Гар Альперовиц пришел к выводу, что Трумэн хотел опередить Советский Союз, сбросив бомбу раньше, чем тот начнет действовать. Американцы устроили ядерные взрывы не для того, чтобы принудить Японию сдаться с наименьшими потерями, а чтобы впечатлить русских. Такая разминка перед холодной войной с точки зрения этики – стыд и срам. Из японцев сделали подопытных кроликов. Бомба не была необходимым условием капитуляции. Некоторые историки полагают, впрочем, что и достаточным условием она тоже не была.
Такую точку зрения предложил в рамках «нового синтеза» Бартон Бернштейн[213]. На следующий день после Нагасаки командующий японским флотом предлагает императору предпринять «атаки особого рода», которые унесут двадцать миллионов жизней. При таких цифрах, полагает Бернштейн, одной или двух бомб едва ли бы хватило. Американцы, как он утверждает, были настолько в этом уверены, что собирались сбросить третью, – и больше всех удивились капитуляции 14 августа! По его мнению, сдача Японии – дело случая, следствие малоизученной борьбы группировок в высших эшелонах японской власти. Но Бернштейн идет в своих рассуждениях дальше. Из шести сценариев ведения войны, которые позволяли американцам добиться капитуляции Японии без высадки на архипелаг, пять были Трумэном и его советниками взвешенно и должным образом проанализированы, а затем отброшены: продолжение бомбардировок и блокады, неофициальные переговоры с противником, пересмотр условий капитуляции, вступление в войну русских, показная демонстрация ядерной мощи. Шестой вариант – атомная бомба – даже не обсуждался, он просто был. Постольку поскольку бомба существовала, она не могла не быть сброшена на Хиросиму и Нагасаки. С этической точки зрения выводы Бернштейна еще страшнее, чем у Альперовица: решение о ядерной бомбардировке – вероятно, самое тяжелое в современной истории – в каком-то смысле не было даже решением…
Эти «ревизионистские» трактовки оставляют открытыми два вопроса. Во-первых, в чем все же смысл бомбардировки Хиросимы и, что еще менее ясно, Нагасаки? Как понять абсурдное, казалось бы, упорство в ведении бесчестной войны? Во-вторых, как могло случиться, что переобутый в сапоги консеквенциализма моральный аргумент был принят за оправдание случившегося, хотя должен был, напротив, выглядеть крайне омерзительной попыткой его прикрытия?
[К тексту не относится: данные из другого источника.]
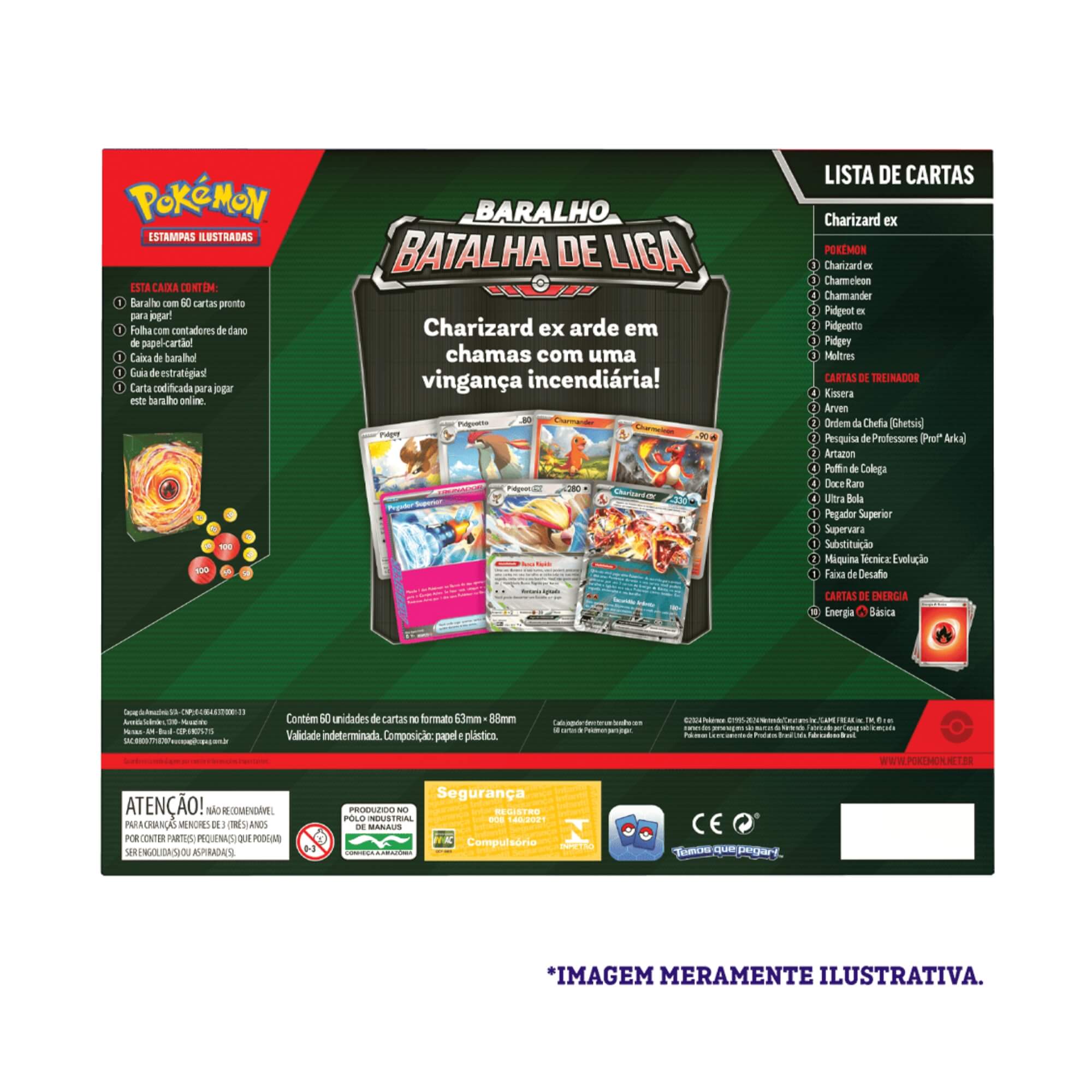 Box Pokemon Deck Batalha de Liga Charizard EX Copag - 34713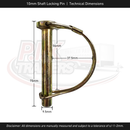 10mm Shaft Locking Pin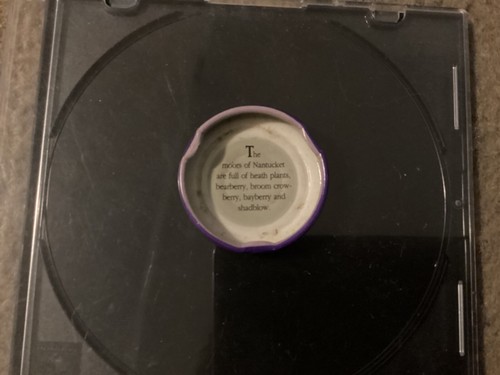 Vintage Nantucket Nectars Apple Juice Bottle Cap, Metal, Used, Quote on Inside - Picture 2 of 2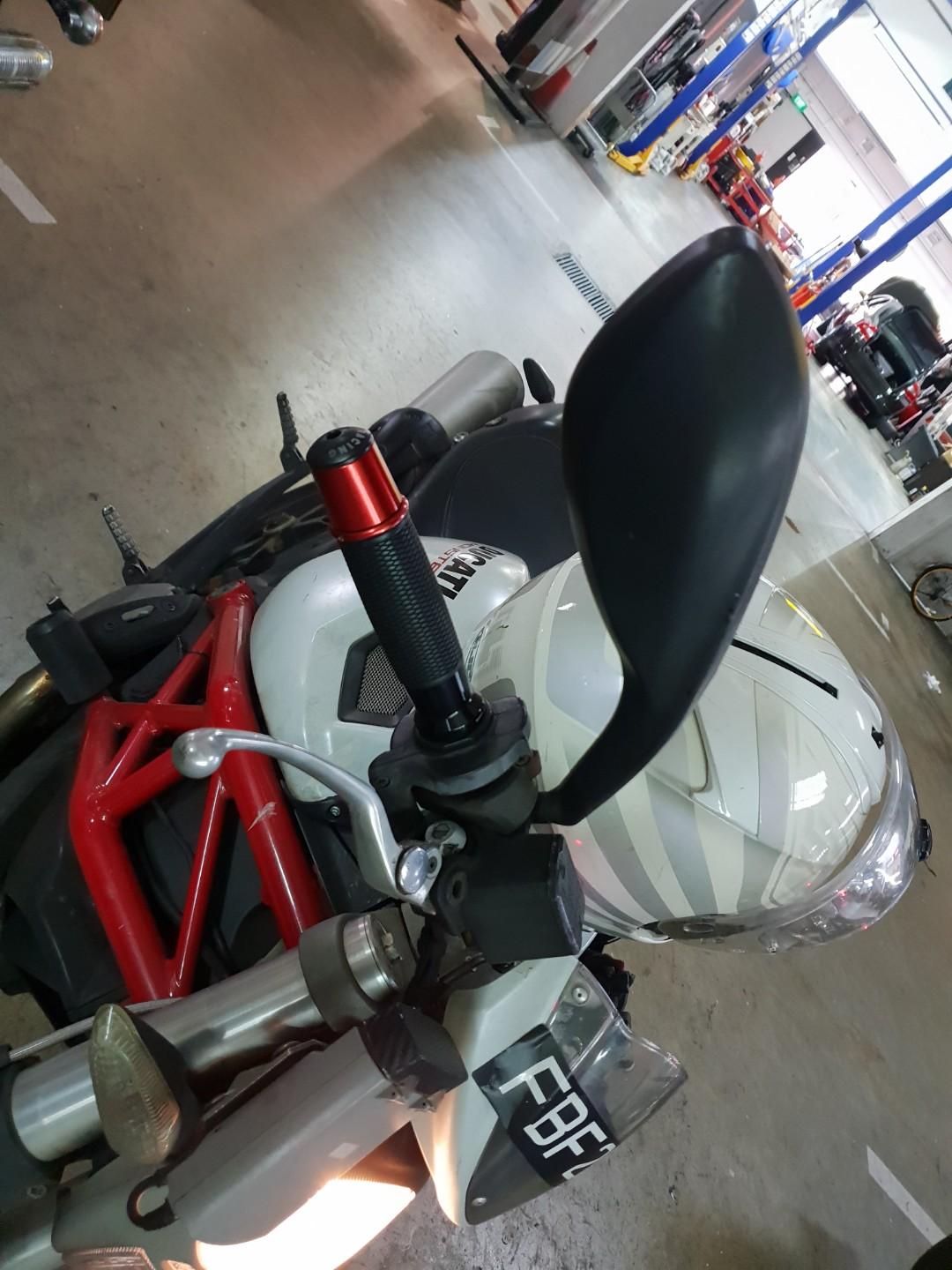Ducati Monster 796 mirror right Motorcycles Motorcycle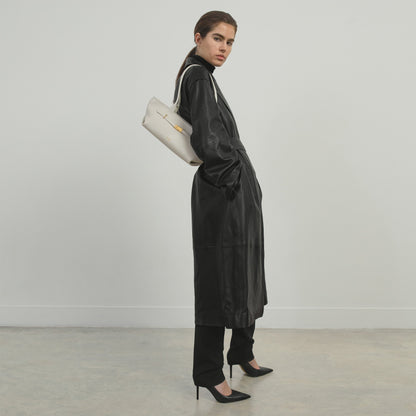 DeMellier The New York Shoulder off-white small grain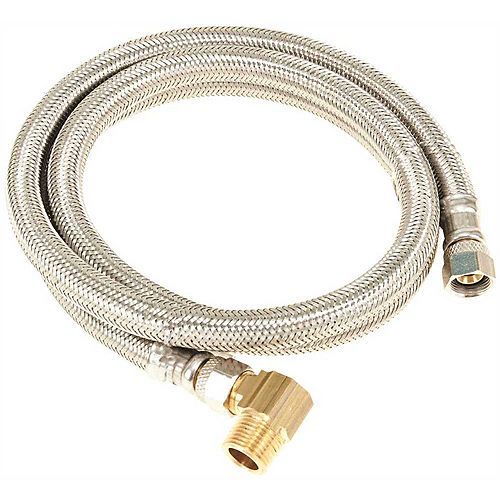 Dishwasher Connector, 3/8 inch Compression X 3/8 inch Compression X 72 inch Stainless Steel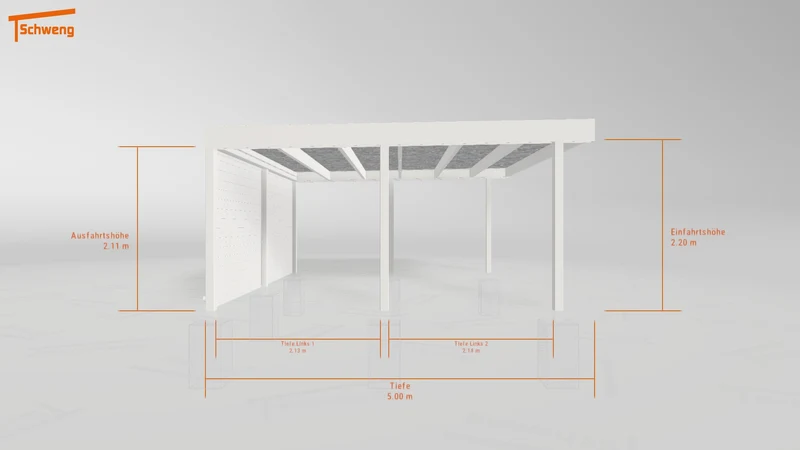 #DE Schweng Flachdachcarport C600+ (ID 77m8ng)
Труды Гюнтера Андерса дают ответ на эти вопросы, перенося их на другую почву. Немецкий еврей, эмигрировавший сначала в Париж, затем в Америку, в 1950 году вернувшийся в Европу, принявший австрийское гражданство, повсюду изгнанник, «вечный жид» – он еще 6 августа 1945 года понял, что человеческая история вступила в новую и последнюю стадию. Точнее, шестое число было репетицией в театральном понимании этого слова, а девятого проявился, по его словам, «синдром Нагасаки»: у катастрофы, случившейся раз и сделавшей невозможное реальным, неизбежно будут отголоски, как повторные толчки после землетрясения. В тот день история «устарела». Человечество сделалось способным уничтожить самое себя, и это «отрицательное всесилие» у него уже не отнять, даже если всеобщее разоружение сделает весь мир безъядерным.